The San Francisco 49ers have made Jimmy Garoppolo the richest player in National Football League history, with a $137.5-million contract.at $27.5M per season, and I’m asking myself this: What am I missing? I mean, that’s more coin that Tom Brady takes home. More than Aaron Rodgers. More than Drew Brees. Those three are Super Bowl-winning quarterbacks. Garappolo has won…oh, that’s right, he earned two Super Bowl rings for holding a clipboard for Brady. Go figure.

Oh joy. Baseball is back. And it’ll be on TV at the end of the week, which means it’ll be beer and baseball at Bart’s Pub on Saturday afternoons from now until October. There’s just something about baseball that makes the beer taste better.

Kaitlyn Lawes, John Morris, Canada’s figure skating team and Steve Simmons…which one doesn’t belong in South Korea?

It would be so easy to trash Steve Simmons today. And, lord knows, he deserves a serious paddywhacking. A wedgie, too.

But what’s the point?

The man is a mook. Always has been, always will be. He isn’t going to change. He’ll continue to file dung heaps disguised as sports columns for the Postmedia chain of newspapers, and they’ll continue to be a betrayal of facts and tilted heavily toward the nasty side of any discussion.

His most recent epic would be the ultimate example.

Simmons, based in the Republic of Tranna but given a national platform under the Postmedia banner, has piddled on our mixed doubles curling gold medalists, the delightful Kaitlyn Lawes and the intense John Morris.

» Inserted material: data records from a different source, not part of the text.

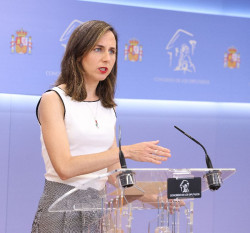 Podemos reclama m&aacute;s explicaciones al PSOE ante el caso Leire D&iacute;ez: "Parece que tiene la mitad de la pierna en el barro"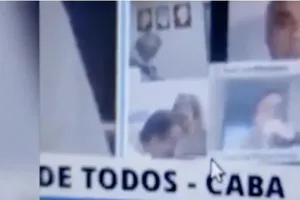 Nghị sĩ Argentina hôn ngực phụ nữ khi đang họp trực tuyến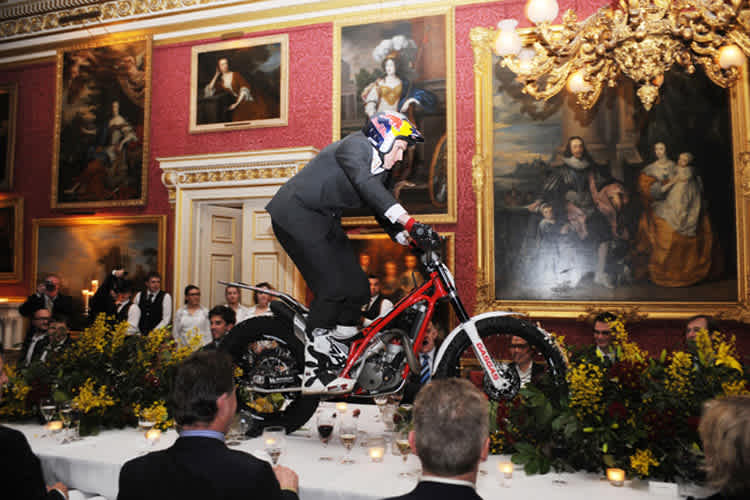 Beim Nachtisch wurden die Gäste überrascht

He paints them as the bearded ladies of the five-ring circus known as the Olympic Winter Games. Strictly a sideshow. And those medals they won? Fool’s gold. Worthless, like a pub without pints.

He also aims his poisonous darts at the seven fancy skaters who struck gold for Canada in the team event at South Korea. Another circus act. Bears riding bicycles. Clowns squeezing into a VW beetle.

It is a disrespectful, hurtful and acrid essay. It is mean in spirit, fraught with glaring inaccuracies, and horse-and-buggy in tone. In other words, totally what you’d expect from an opinionist who believes the loudest voice, not fact or reason, wins any argument.

Simmons writes…

Gold medalists Kaitlyn Lawes and John Morris.

Mixed curling, invented in form for these Winter Games, does not belong on the big stage. You know that for this very reason: Most Olympic athletes train their entire lives just to qualify for the Games, let alone wind up on any podium. Yet John Morris and Kaitlyn Lawes stood on a podium with gold medals around their neck having practiced once for half an hour in Winnipeg, before dominating the field here. Once.”

(Totally incorrect. Both Lawes and Morris have spent a lifetime prepping for the Olympics. She first slid from the hack at age four, he at age five. Together, they earned their ticket to South Korea and their spot on the top step of the podium by emerging from the Canadian mixed doubles Olympic trials. It was an 18-team, six-day tournament. Lawes and Morris played 13 games before arriving in PyeongChang. By way of comparison, the Canadian men’s patchwork hockey team had just three dress rehearsals prior to the opening faceoff in South Korea.)

The world championships of mixed curling is not played by two curlers. It’s played by four.”

(Totally incorrect. There are two versions of mixed curling—two-curler and four-curler. The two-player world championship (one woman, one man) has been in existence since 2008. The field included 39 countries last year, with the Swiss tandem of Martin Rios and Jenny Perret claiming the title. Lawes and Morris beat those same world champs to earn gold in South Korea. The four-player world championship (two women, two men) has existed since 2015.)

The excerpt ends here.